▸ Work to be completed
Could you copy the data that follows exactly as written, but drop the pictures?

▸ Information provided
******
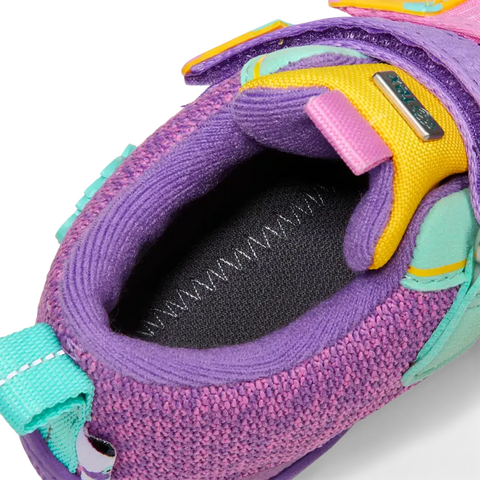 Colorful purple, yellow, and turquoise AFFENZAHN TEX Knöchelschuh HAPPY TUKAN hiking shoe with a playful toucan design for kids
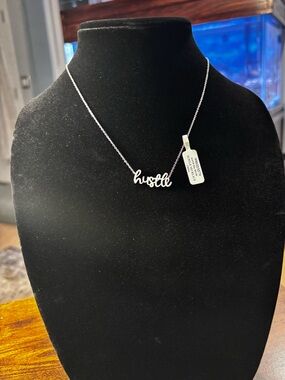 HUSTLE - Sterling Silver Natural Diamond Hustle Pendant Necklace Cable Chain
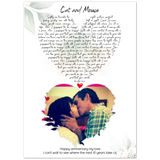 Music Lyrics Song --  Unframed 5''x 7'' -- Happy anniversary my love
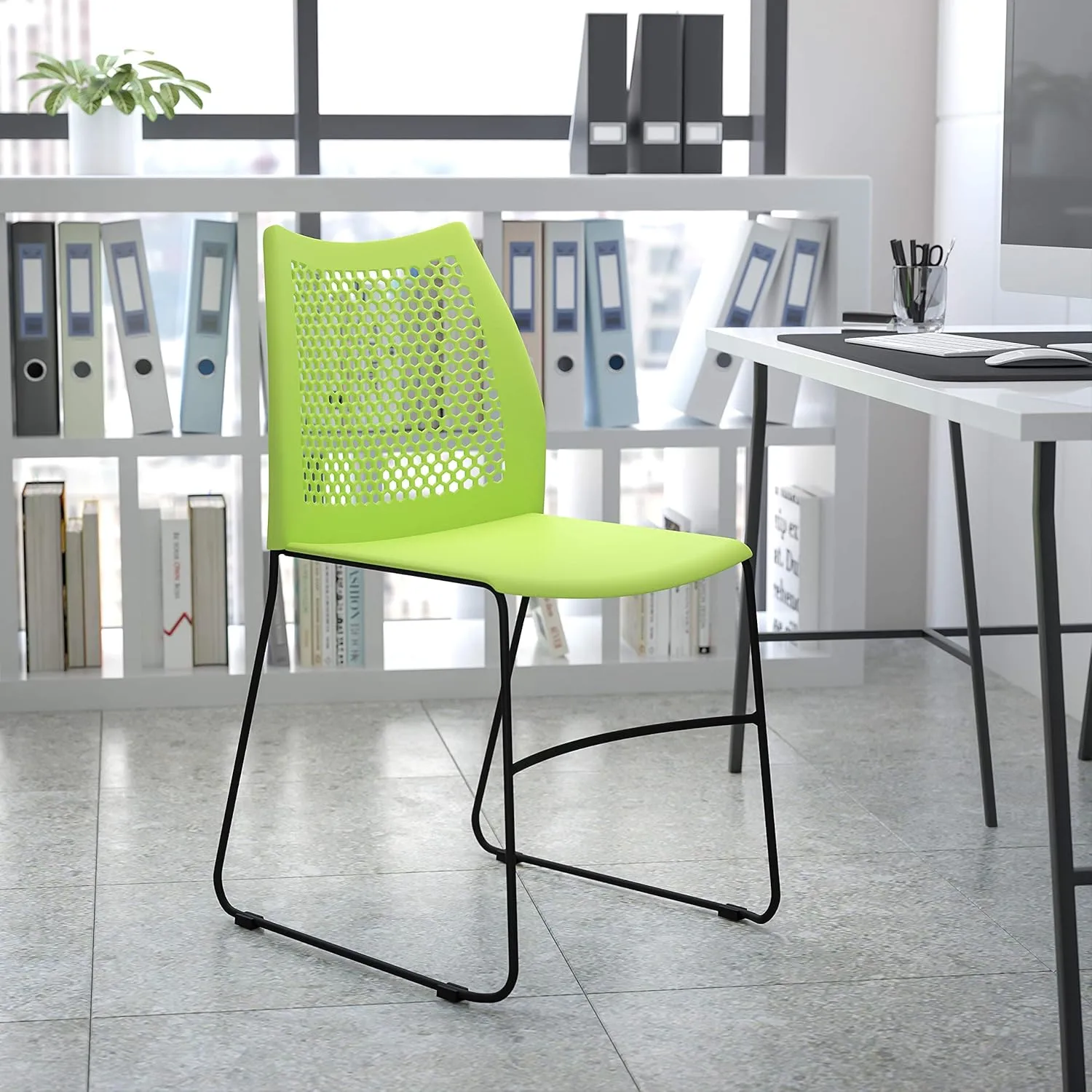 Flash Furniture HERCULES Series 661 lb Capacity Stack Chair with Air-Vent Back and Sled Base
******
▸ Written reply
 Colorful purple, yellow, and turquoise AFFENZAHN TEX Knöchelschuh HAPPY TUKAN hiking shoe with a playful toucan design for kids
 HUSTLE - Sterling Silver Natural Diamond Hustle Pendant Necklace Cable Chain
 Music Lyrics Song --  Unframed 5''x 7'' -- Happy anniversary my love
 Flash Furniture HERCULES Series 661 lb Capacity Stack Chair with Air-Vent Back and Sled Base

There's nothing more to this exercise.